Mas tirando o mau, Sintra com os seus palácios e maravilhosos jardins é um local onde se respira magia e romantismo.
Um abraço.
Caro Luís,
e eu que ando com tantas saudades de Sintra!!!
talvez porque tenho andado a trabalhar os quotidianos do sécXIX, através de "OS MAIAS"...
Quando aqui cheguei...senti-me em casa!!!!
"brigados" por este post!
que domingo fabuloso esse.
e o mexericar entre escritores e poetas...
Gostei de ler. E o poema do admirável Luís Miguel Nava, poeta que muito admiro, fica aqui bem.
Já agora, por falar do Luís Miguel,
deixo aqui um poema que escrevi em sua memória.
DIONISÍACO
In memoriam Luís Miguel Nava
Eu vi o céu, por entre
as vísceras, num poema de Luís Miguel Nava
Eu vi claramente visto
o sangue vivo
Eu apercebi-me da presença de Deus
entre a carne
no silêncio de um matadouro
Abraços:
Luís, Züschen MMVII
Não vim quando estive em Sintra, deve ficar para a próxima visita, não é?
E... continua a ter o mesmo ar? o já infelizmente a globalização chego mesmo até lá.
beijos.
"Ninguém pode ficar indiferente perante tal beleza, nem esconder a sensação que ela desperta."
exactamente, luís
fui a sintra uma única vez (imagine-se!), fiquei maravilhada... com tudo mesmo! sempre pensei que voltaria.
hoje fui a sintra pela 2ª vez, aqui, com as tuas palavras. continuo a pensar que tenho que voltar.
abraço
luísa
O túnel do tempo existe!
Que gostoso é viver tais momentos, não?
Beijinhos :)
Nava
Tu
Sintra..!
______________
a trilogia do ENcanto?
sim.
beijo.
imf.
/piano.
certamente que um domingo bem passado. No Brasil naõ terei Sintra, mas virei ler o seu blog, ficarei mais culta e de alma reconfortada.
bjs
Tinha tantas histórias para contar sobre Sintra!

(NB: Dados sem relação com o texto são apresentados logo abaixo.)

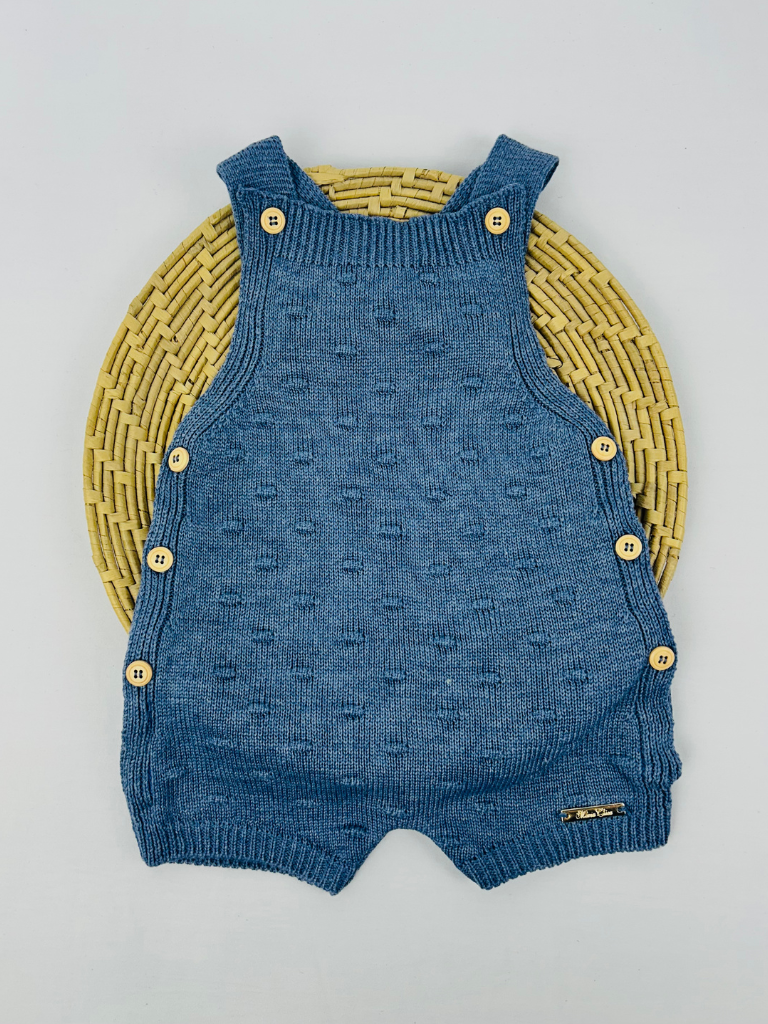 Romper azul com alças, botões laterais e textura em relevo da marca Maria Chica Bebê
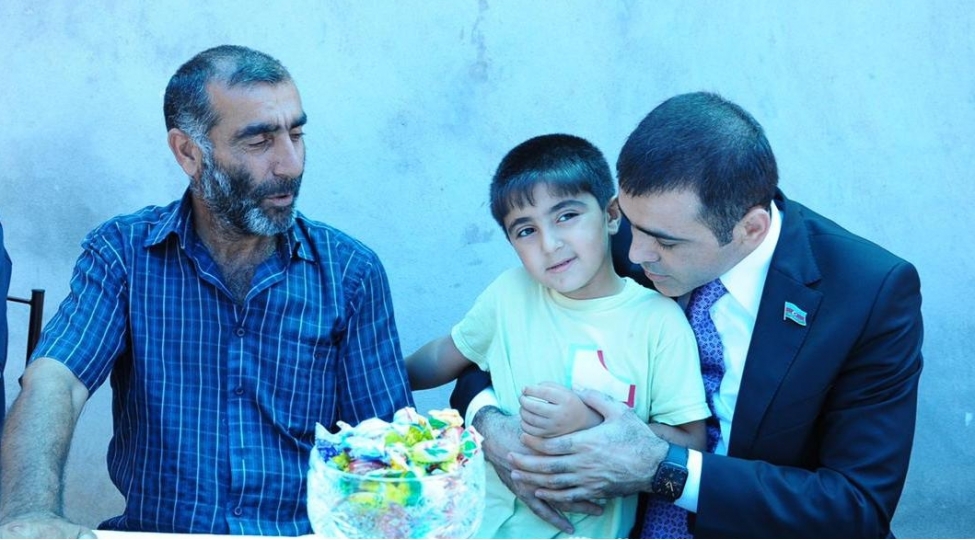 millet-vekili-vefat-eden-herbchinin-ailesini-ziyaret-edib-foto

Hoje ouvi uma das tuas narrativas... Gostei, como sempre!
Abraço de quem gosta muito de ler os teus escritos.
Fernando Manuel
Há tempos que não lia nada do Luis Miguel Nava - obrigado por o recordares aqui!
Um abraço!!
Para já, um imenso obrigado pela dedicatória, sinto-me "pequenino"...
Depois, Sintra, o sonho transformado em realidade, o único sítio do mundo, onde até a humidade é bela!

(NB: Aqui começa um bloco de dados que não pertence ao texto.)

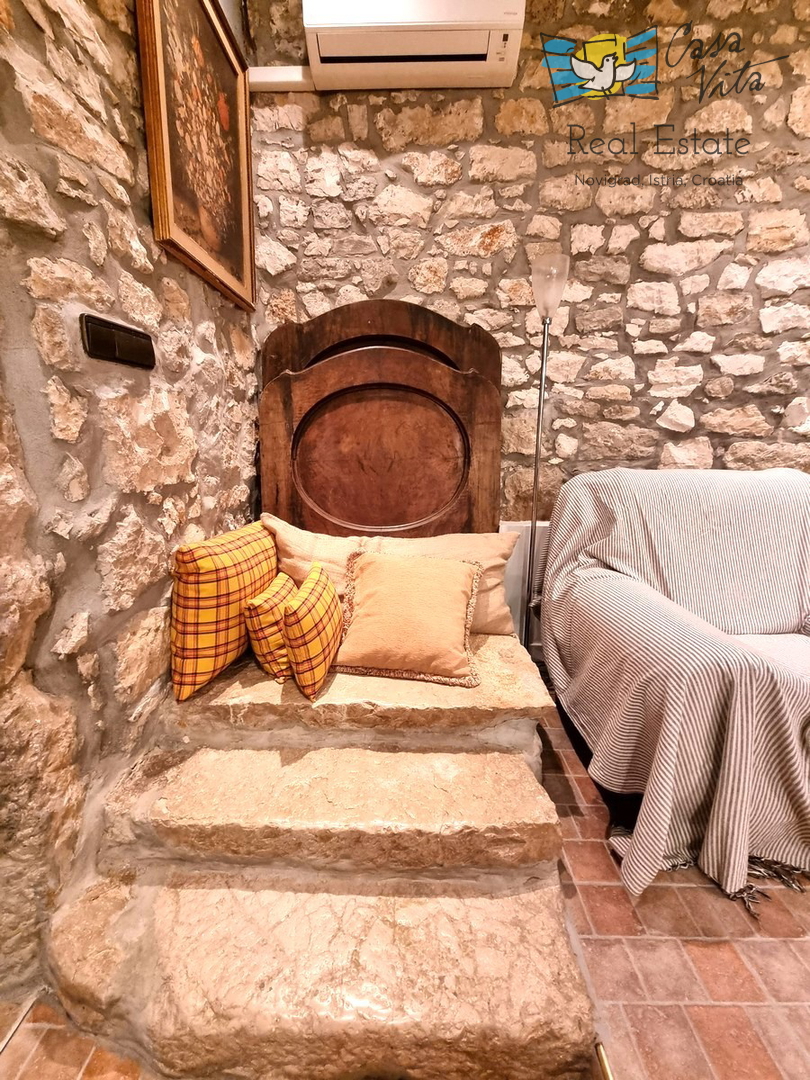 Istra, Poreč - Šarmantna kamnita hiša z dvema stanovanjema!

Depois o Lawrence's, que nunca visitei, mas já "visitei" tantas vezes, em leituras variadas e sempre apelativas.
Finalmente tu, amigo Luís, com a tua enorme capacidade de interligar locais, pessoas e sensações, e que nos fazes realmente sonhar!!!!
Aquele abraço...
Lawrence e Eça...
Merci...
foi dos meus "poisos" preferidos, antes de ser "invadido" por reservas para os golfistas ingleses, golfistas esses mal educados e muitos sem consideração pelos sítios (no pequeno bar, cheguei a ver um que , displicentemente, tinha os sapatos pousados sobre o banco ao lado e ficou em meias no bar!
Há que ter reverência em sitíos con referências !

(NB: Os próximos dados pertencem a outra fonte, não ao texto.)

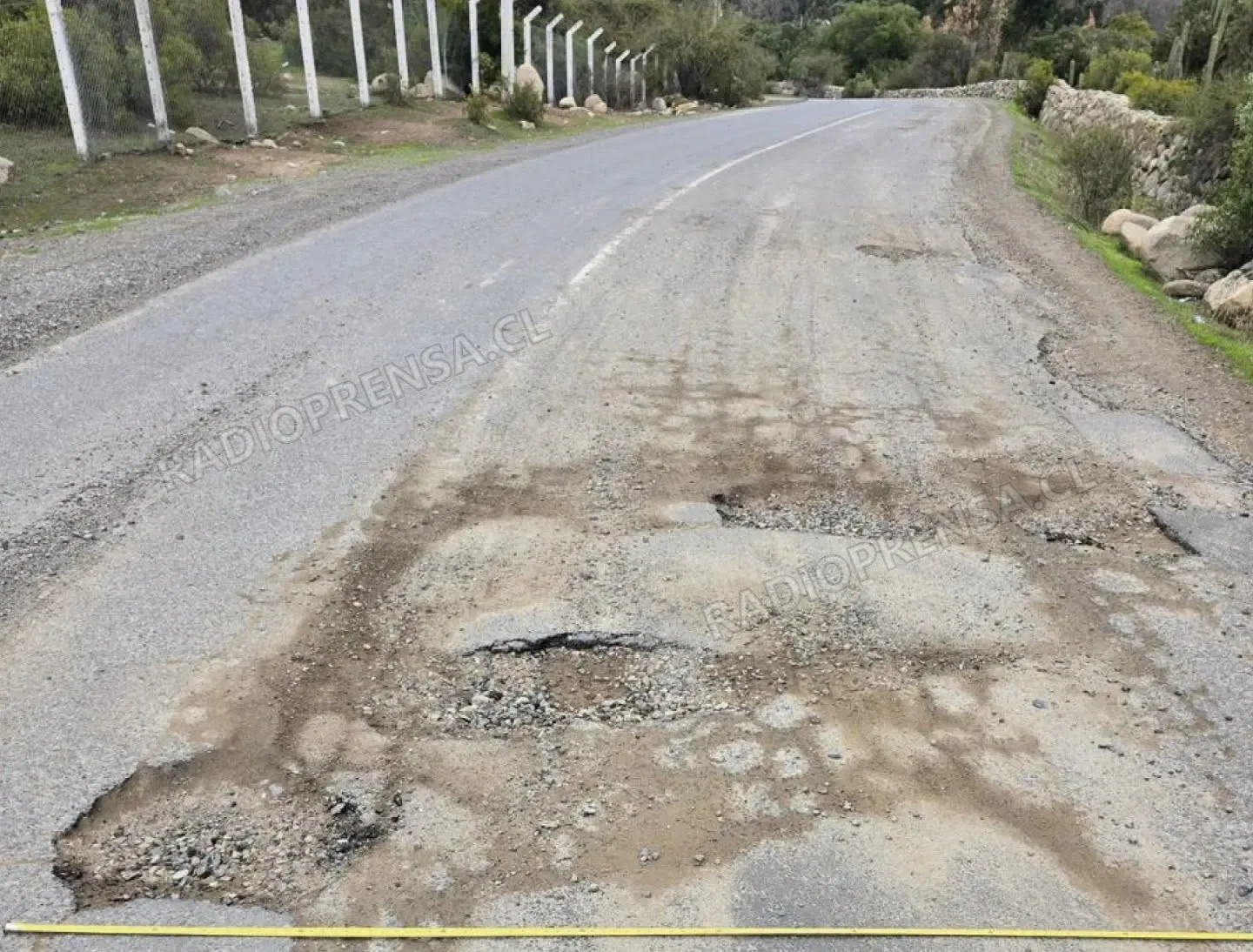 Municipalidad de Alhué solicita reparación urgente de baches en rutas de la comuna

tudo mudou e a pirosice invadiu TODO o Portugal ...
Obrigado por me lembraes de L.M.Nava,e Sintra um santuário de cultura.
Bjs Zita
Amei o post. Belos versos, bela imagem e belo texto!
Existem imagens de Portugal que aguçam a curiosidade... parece sonho.
Beijos
E por vezes vivemos momentos surreais em lugares de sonho... lugares que são baús de memórias...
Beijinho
Em Sintra!...Pois então...ficou para trás à pouco, estava nevoeiro, a estrada um tapete de folhas, a brisa suave e fria...é Outono em Sintra, o mais perfeito.
Um beijinho*
Engraçado...já reparaste na influência inglesa e escocesa dentro do nosso país? As melhores zonas residênciais dentro das cidades tiveram os ingleses como primeiros inquilinos e muitos ainda hoje se mantêm. Esse hotel é um bom exemplo disso. E ainda bem pois de certeza absoluta que a decoração será de um extremo bom gosto.
Quanto a William Beckford lembro-me de imediato de um delicioso livro que é o seu diário português baseado em troca de correspondência onde ele relata o seu dia-a-dia e a vivência em sociedade no sec XVIII.
Mais uma boa dica de um sítio a visitar!
Bj
Haverá outro sítio como Sintra em todo o mundo?? E tudo o que faz parte do seu universo é único e mágico.